I absolutely understand the Government’s rationale behind the decision to move people away from diesel towards alternative fuels to help to reduce their environmental impact and to help us as a country to move towards our net zero target, but the fact is that much of the heavy gear used in the mining and quarrying sector just does not have an alternative to diesel. The technology does not yet exist to provide an alternative form of cleaner energy. The sector will therefore bear the brunt of the Government’s decision to introduce this change from next April in the short term.
Let me also make it clear that the sector is not resistant to moving to clean power, and it has already done so where alternatives are available, but in many cases the technology is not yet available to replace some of its heaviest machinery with cleaner alternatives. It seems unfair to penalise businesses that are willing to move to cleaner fuels and sources of power but are unable to replace their diesel-powered equipment at this time. In the coming years, alternatives are likely to be developed, but I am told that we are probably at least five, and perhaps 10 years away from there being a viable commercial option. Imposing the change next year will mean that businesses face additional costs that they simply cannot avoid, which seems counterproductive.

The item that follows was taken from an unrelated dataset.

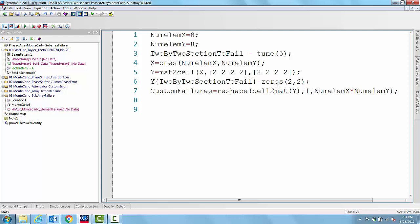We are going to equate the 2 by 2 matrix to a 2 by 2 zeros matrix. That means this sub-array, all the elements in this sub-array have failed and the entire sub-array has failed.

As is often the case when decisions such as this are made, there are unintended consequences. The sector provides much of the raw material for our economy, particularly in manufacturing and construction, yet it will be unable to absorb the additional cost, which will result either in job losses or in rising costs. The Government’s ambition is to invest heavily in infrastructure and housebuilding. It seems strange, just at the time when we want to invest significant sums in building, to introduce a change that is likely to result in increased costs.
All this is unlikely to have any beneficial impact on the environment. There will be no reduction in emissions. Diesel will still be burned by these heavy-duty bits of kit because there is no alternative. It is not as though there will be a shift away from diesel to something else, because alternatives do not yet exist. If the aim of the measure is to reduce emissions, in the short term it is unlikely to achieve it. In fact, it could actually increase the environmental impact, because if it results in UK businesses becoming uncompetitive or, worse still, going out of business, we will end up importing these materials from countries that are burning diesel and increasing the carbon footprint.
I ask the Treasury team to look again at the speed at which the change is to be introduced. Let me be clear: I believe it is the right decision; I just question the timing of implementation. We need to give the quarrying and mining sector the time needed for new technologies to emerge, so that the sector can find alternative fuels before this significant additional cost is imposed.
I wholeheartedly support the Bill. It contains the right measures that our country needs now. I simply ask the Government to look at the speed of the removal of the red diesel exemption, particularly for the mining and quarrying sector, to give it time to adjust and the economy time to recover before the additional cost is imposed.